When I was in graduate school, stat professors would say “ANOVA is just a special case of linear regression.” But they never explained why.
And I couldn’t figure it out.
The model notation is different.
The output looks different.
The vocabulary is different.
The focus of what we’re testing is completely different. How can they be the same model?
Why you need to know this
Before I answer that, let me mention why it’s so important to see how they’re the same. It’s true that if you never did any data analysis beyond linear models, you could always run ANOVAs as ANOVAs and regressions as regressions.
The fundamental sameness of these models is really important to wrap your head around, though, once you move beyond linear models into extensions of them, like logistic regression and linear mixed models.
Although software allows you to run ANOVAs and linear regressions in different procedures, they don’t for these other types of models.
So being able to translate from one to the other in the simpler linear case is a boon to anyone who moves on to these more complicated models.
Back to how ANOVA and linear regression are the same model
In this article, we’re going to focus on notation, as that is the most fundamental part.
Here is the typical regression model with two predictors. Let’s assume one predictor is a treatment variable (treatment vs. control) and the other is some other kind of grouping variable, like whether subjects are bilingual or monolingual:
Yi = β0 + β1X1i + β2X2i + εi
Yi = Response for individual i
β0 = Intercept—the mean of Y when all Xs=0
βj = Coefficient of Xj, the jth predictor
Xji = jth predictor for individual i
εi = Residual for individual i
And here is the typical ANOVA model with two predictors:
Yijk = μ + αj + βk + εijk
Yijk = Response for individual i, who is in treatment j and group k
μ = the grand mean
εijk = Residual for individual i who is in treatment j and group k
α = effect of treatment
β = effect of group
In the ANOVA model, the predictors are often called factors or grouping variables, but just like in the regression case, we can call them the more generic “predictors.” For simplicity, there is no interaction, though that would be simple to add to both models.
Y, the response variable, is on the left hand side of both equations. The subscript i indicates that each case has an individual value of Y.
Likewise, both models have an error term, denoted by ε. This too has an i subscript because there is one value per case.
In between these on both models are three terms and these don’t look the same.

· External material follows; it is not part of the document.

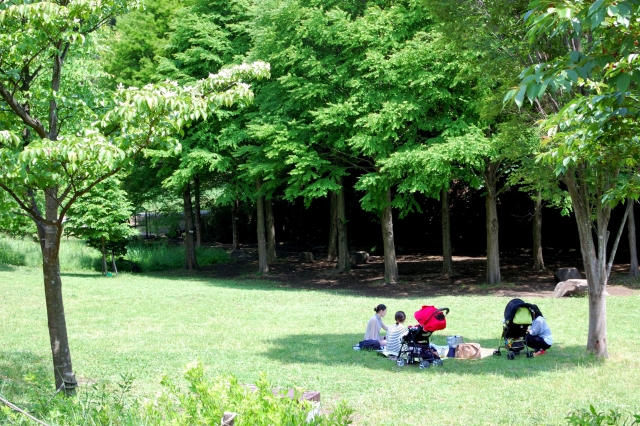 11224ea6dcb375cb7a5a5bfcffbcfb7b_s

At all.
In the linear regression model, we use Xs to indicate the value of the predictor variables. This is super flexible — if X is numerical, we just plug in the numerical values of X. If X is categorical, we simply indicate which group someone was in with coded values of X1.
The simplest and most common would have a 1 for the treatment group and a 0 for the control group.
βj measures the effect on Y of the treatment effect.
Because ANOVA assumes that all the predictors are categorical (aka factors or grouping variables), those predictors have a limited number of values. These are values like: treatment vs. control group. Two values.
Because of the limited number of values, the ANOVA model uses subscripts to indicate if someone is in the treatment or control group. Subscript j would have values of 1 for the treatment group and 2 for the control.
α measures the effect on Y of the treatment effect.
Even though these X values aren’t written directly into the ANOVA model, they exist. Your software is actually creating those X values for you when you indicate that X is categorical. Usually ANOVA uses effect coding (1 and -1) for these X values rather than dummy coding (1 and 0).
One other term that looks different, but is essentially the same thing: the constant. In the regression model, this is called the intercept and denoted β0 and in the ANOVA model, this is called the grand mean and denoted μ.
There are, of course, other differences in how we generally analyze regressions and ANOVAs, including how we code the Xs, how that coding changes the mean around which we’re measuring the effects of those Xs, and which output we tend to focus on. We’ll explore some of those in later articles.